Setup: Our goal is to learn a 1D function from samples. The 1D function has 5 Gaussian peaks. Instead of presenting all samples to NN all at once, we have five phases of learning. In each phase only samples around one peak is presented to KAN. We find that KANs can do continual learning thanks to locality of splines.

from kan import *
import numpy as np
import torch
import matplotlib.pyplot as plt


datasets = []

n_peak = 5
n_num_per_peak = 100
n_sample = n_peak * n_num_per_peak

x_grid = torch.linspace(-1,1,steps=n_sample)

x_centers = 2/n_peak * (np.arange(n_peak) - n_peak/2+0.5)

x_sample = torch.stack([torch.linspace(-1/n_peak,1/n_peak,steps=n_num_per_peak)+center for center in x_centers]).reshape(-1,)


y = 0.
for center in x_centers:
    y += torch.exp(-(x_grid-center)**2*300)

y_sample = 0.
for center in x_centers:
    y_sample += torch.exp(-(x_sample-center)**2*300)


plt.plot(x_grid.detach().numpy(), y.detach().numpy())
plt.scatter(x_sample.detach().numpy(), y_sample.detach().numpy())

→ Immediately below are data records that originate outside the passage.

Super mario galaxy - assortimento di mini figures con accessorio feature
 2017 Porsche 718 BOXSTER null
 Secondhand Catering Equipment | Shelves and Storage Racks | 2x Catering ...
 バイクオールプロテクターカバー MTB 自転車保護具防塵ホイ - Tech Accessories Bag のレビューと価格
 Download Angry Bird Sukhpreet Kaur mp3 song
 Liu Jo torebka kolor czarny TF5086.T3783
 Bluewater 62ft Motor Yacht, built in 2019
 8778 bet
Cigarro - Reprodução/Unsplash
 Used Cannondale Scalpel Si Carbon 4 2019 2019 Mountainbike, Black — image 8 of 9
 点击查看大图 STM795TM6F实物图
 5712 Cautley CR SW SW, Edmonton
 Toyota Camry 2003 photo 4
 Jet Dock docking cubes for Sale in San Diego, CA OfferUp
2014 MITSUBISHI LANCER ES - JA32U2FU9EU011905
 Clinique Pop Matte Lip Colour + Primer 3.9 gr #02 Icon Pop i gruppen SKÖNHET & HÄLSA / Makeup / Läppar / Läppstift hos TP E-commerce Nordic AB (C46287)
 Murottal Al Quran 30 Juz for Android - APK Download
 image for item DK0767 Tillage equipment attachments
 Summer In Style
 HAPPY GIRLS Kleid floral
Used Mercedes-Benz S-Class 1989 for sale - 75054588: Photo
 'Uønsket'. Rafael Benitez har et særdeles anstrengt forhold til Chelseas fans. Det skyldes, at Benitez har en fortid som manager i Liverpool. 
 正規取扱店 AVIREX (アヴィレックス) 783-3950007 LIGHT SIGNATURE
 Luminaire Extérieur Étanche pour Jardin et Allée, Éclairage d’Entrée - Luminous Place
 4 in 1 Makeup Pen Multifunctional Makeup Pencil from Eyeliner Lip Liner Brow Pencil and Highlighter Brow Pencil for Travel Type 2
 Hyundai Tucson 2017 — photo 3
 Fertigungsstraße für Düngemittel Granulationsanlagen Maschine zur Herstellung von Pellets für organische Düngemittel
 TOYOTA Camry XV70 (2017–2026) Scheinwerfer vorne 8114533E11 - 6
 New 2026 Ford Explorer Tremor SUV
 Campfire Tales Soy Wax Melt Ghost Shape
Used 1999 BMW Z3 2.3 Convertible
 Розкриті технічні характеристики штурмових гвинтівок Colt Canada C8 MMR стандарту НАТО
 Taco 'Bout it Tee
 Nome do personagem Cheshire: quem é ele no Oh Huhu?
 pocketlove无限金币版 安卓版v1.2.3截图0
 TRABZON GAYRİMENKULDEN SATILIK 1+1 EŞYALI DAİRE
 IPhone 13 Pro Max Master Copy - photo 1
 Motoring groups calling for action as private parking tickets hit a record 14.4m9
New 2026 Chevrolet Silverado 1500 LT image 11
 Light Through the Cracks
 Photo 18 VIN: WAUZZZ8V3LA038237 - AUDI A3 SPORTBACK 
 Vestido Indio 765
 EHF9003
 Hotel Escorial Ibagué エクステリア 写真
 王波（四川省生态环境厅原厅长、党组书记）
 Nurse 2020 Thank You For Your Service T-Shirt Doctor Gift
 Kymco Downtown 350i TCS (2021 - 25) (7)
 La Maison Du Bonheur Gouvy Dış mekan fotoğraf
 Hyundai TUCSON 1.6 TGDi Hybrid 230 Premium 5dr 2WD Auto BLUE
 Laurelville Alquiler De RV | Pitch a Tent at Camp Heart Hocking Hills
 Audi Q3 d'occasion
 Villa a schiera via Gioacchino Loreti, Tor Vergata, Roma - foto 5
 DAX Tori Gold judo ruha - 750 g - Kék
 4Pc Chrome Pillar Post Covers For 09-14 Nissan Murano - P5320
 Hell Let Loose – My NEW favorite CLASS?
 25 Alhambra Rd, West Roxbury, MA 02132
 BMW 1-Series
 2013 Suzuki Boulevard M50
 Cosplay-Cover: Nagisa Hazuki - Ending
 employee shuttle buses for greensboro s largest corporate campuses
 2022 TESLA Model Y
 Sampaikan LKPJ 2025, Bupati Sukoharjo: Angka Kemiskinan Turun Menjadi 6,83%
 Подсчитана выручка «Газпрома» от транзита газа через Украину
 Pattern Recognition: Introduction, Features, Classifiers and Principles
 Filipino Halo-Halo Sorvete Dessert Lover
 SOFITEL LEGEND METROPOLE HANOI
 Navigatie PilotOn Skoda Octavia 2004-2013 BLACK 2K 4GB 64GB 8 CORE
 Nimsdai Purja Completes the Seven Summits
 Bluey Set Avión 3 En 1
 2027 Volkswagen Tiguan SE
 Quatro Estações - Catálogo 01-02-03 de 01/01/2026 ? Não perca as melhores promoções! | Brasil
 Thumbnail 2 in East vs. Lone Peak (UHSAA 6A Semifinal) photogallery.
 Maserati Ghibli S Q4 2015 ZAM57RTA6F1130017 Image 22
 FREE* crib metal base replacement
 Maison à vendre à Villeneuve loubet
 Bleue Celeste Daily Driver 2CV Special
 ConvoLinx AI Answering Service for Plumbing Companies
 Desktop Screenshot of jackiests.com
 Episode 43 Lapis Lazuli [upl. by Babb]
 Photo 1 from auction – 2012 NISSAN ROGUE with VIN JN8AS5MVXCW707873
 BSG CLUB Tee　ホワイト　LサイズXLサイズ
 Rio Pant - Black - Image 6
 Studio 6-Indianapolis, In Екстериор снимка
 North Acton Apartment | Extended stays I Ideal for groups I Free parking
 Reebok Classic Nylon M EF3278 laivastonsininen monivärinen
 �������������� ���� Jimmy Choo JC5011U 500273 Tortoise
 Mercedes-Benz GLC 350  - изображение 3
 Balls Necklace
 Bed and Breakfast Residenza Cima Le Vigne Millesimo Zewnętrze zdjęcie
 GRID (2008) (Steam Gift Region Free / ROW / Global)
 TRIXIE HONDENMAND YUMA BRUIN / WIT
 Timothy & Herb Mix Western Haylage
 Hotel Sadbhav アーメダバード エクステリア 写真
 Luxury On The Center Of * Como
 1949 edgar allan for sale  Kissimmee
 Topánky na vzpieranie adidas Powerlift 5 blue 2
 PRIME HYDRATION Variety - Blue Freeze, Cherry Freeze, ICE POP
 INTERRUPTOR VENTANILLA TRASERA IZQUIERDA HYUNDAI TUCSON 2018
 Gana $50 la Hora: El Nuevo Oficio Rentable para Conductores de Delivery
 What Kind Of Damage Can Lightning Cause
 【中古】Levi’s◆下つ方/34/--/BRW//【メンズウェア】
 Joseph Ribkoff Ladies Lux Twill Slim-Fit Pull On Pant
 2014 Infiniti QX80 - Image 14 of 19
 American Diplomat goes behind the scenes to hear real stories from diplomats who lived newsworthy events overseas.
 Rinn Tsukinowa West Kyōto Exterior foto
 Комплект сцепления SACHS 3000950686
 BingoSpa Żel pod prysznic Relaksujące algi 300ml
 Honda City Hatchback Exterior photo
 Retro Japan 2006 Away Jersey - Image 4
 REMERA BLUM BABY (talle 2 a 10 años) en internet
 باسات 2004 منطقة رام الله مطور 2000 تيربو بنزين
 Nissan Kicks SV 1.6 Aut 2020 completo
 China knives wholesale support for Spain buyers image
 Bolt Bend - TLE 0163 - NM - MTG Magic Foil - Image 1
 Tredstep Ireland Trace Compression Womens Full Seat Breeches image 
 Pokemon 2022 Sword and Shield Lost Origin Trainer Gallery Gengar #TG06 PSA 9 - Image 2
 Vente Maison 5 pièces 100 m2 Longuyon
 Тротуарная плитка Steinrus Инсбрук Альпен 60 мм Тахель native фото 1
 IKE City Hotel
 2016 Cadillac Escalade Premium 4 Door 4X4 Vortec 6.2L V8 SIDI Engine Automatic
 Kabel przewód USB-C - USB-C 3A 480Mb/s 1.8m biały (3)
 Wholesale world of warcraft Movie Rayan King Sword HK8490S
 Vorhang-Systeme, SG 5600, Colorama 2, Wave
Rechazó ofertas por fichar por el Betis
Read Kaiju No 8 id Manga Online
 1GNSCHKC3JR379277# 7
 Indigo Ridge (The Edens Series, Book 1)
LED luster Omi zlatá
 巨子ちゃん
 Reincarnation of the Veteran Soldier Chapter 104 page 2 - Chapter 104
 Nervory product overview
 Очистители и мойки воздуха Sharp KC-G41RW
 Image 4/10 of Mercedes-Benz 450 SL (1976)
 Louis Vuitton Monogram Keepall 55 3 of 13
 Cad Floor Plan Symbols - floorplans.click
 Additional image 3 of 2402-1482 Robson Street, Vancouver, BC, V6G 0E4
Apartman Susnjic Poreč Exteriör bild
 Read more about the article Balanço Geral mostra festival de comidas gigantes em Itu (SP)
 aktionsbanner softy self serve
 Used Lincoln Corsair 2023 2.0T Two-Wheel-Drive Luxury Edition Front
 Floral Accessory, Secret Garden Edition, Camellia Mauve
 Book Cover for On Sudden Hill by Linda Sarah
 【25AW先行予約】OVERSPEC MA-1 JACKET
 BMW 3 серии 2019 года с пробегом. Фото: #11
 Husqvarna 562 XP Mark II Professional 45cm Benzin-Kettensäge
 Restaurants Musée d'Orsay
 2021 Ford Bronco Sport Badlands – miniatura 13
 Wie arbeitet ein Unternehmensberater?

<matplotlib.collections.PathCollection at 0x7ff40b9ea430>

../_images/Example_7_continual_learning_2_1.png

Sequentially prensenting different peaks to KAN

plt.subplots(1, 5, figsize=(15, 2))
plt.subplots_adjust(wspace=0, hspace=0)

for i in range(1,6):
    plt.subplot(1,5,i)
    group_id = i - 1
    plt.plot(x_grid.detach().numpy(), y.detach().numpy(), color='black', alpha=0.1)
    plt.scatter(x_sample[group_id*n_num_per_peak:(group_id+1)*n_num_per_peak].detach().numpy(), y_sample[group_id*n_num_per_peak:(group_id+1)*n_num_per_peak].detach().numpy(), color="black", s=2)
    plt.xlim(-1,1)
    plt.ylim(-1,2)

../_images/Example_7_continual_learning_4_0.png

Training KAN

ys = []

# setting bias_trainable=False, sp_trainable=False, sb_trainable=False is important.
# otherwise KAN will have random scaling and shift for samples in previous stages

model = KAN(width=[1,1], grid=200, k=3, noise_scale=0.1, bias_trainable=False, sp_trainable=False, sb_trainable=False)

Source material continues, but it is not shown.